The measurements obtained on mediolateral radiographs showed that the plantar exostoses on both tarsi decreased either immediately after surgery or at a later time point during follow-up (Table 1). Two previous reports indicated that radiotherapy did not decrease the volume of exostoses during the observation period.^5,9 Mathews et al., who performed pantarsal arthrodesis, reported that exostoses of the talus that were not surgically removed decreased over time during 20 wk of follow-up.⁷ However, in that report, the articular cartilage of the tibiotarsal, intertarsal, and tarsometatarsal joints, which would have some influence on new bone proliferation, was removed, unlike in the present case. It is possible that the three therapies administered had the combined effect of decreasing the size of the plantar exostoses in this cat, but the exact reason for the decrease could not be ascertained from the previous reports.

This report has some limitations, particularly because of the subjective analyses used. A more accurate assessment could have been obtained by measurement of range of motion using a goniometer, use of an objective mobility/pain scale, force plate gait analysis, or three-dimensional evaluation of the volume of exostoses.

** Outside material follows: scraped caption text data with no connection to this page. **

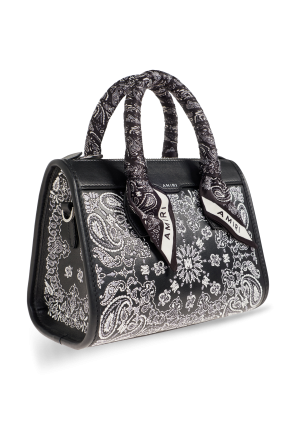 Amiri Tasche „Micro Triangle“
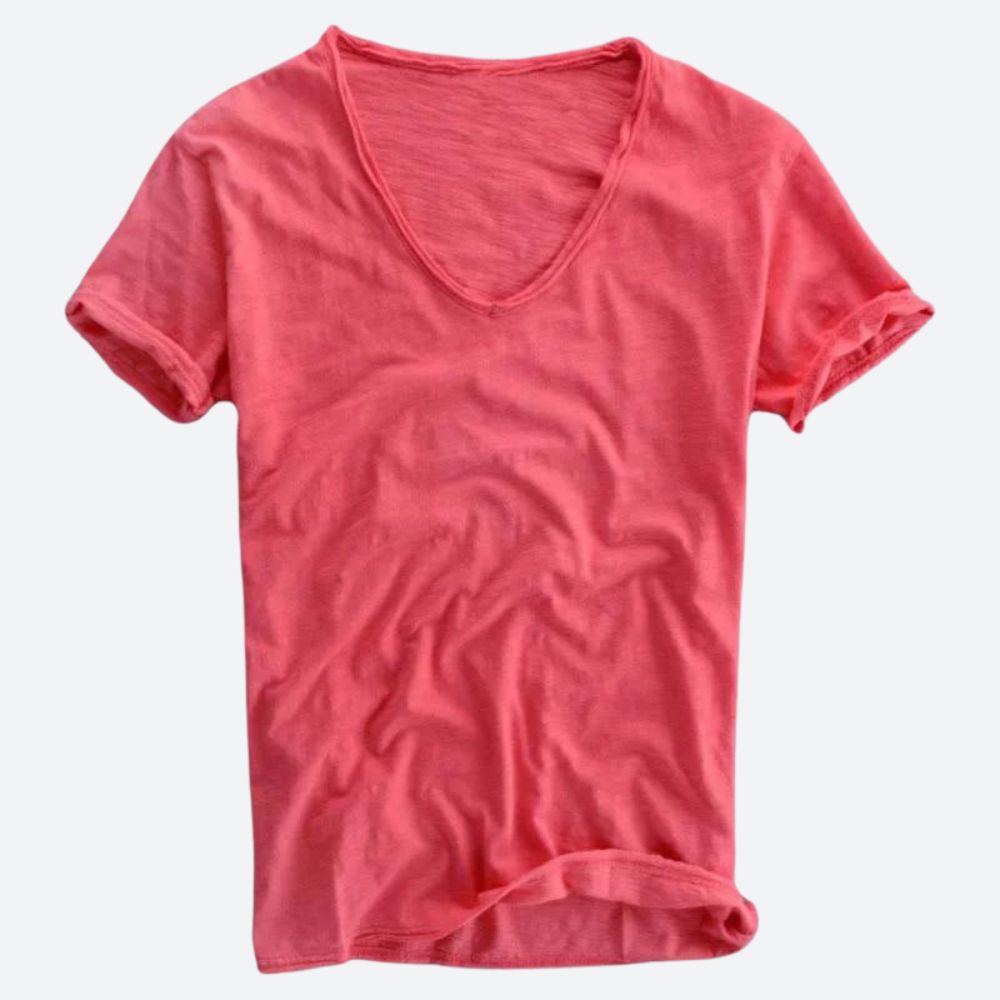 W&W Mode | Herren Sommer T-Shirt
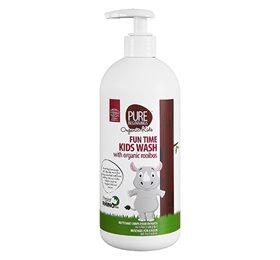 Pure Beginnings Fun Time Kids Wash   500 Ml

Nevertheless, given that SFOCD is a progressive disease, ongoing monitoring for bone lesions and concurrent degenerative joint disease is also required.

Conclusion

Based on the experience with this case, a combination of surgical, radiation, and medical therapies may be an effective treatment for SFOCD with skin ulceration. However, longer-term follow-up of more cases is required for a better understanding of the long-term outcomes of using this protocol.

Supplementary Figure I

Measurement area of the exostosis caudal to the tarsometatarsal joint on the mediolateral radiograph. The measurement was initiated at the intersection of the exostosis and metatarsal bone, moved proximally along the bone margin, and then to the free end of the exostosis. Measurements were obtained on both hindlimbs at each assessment.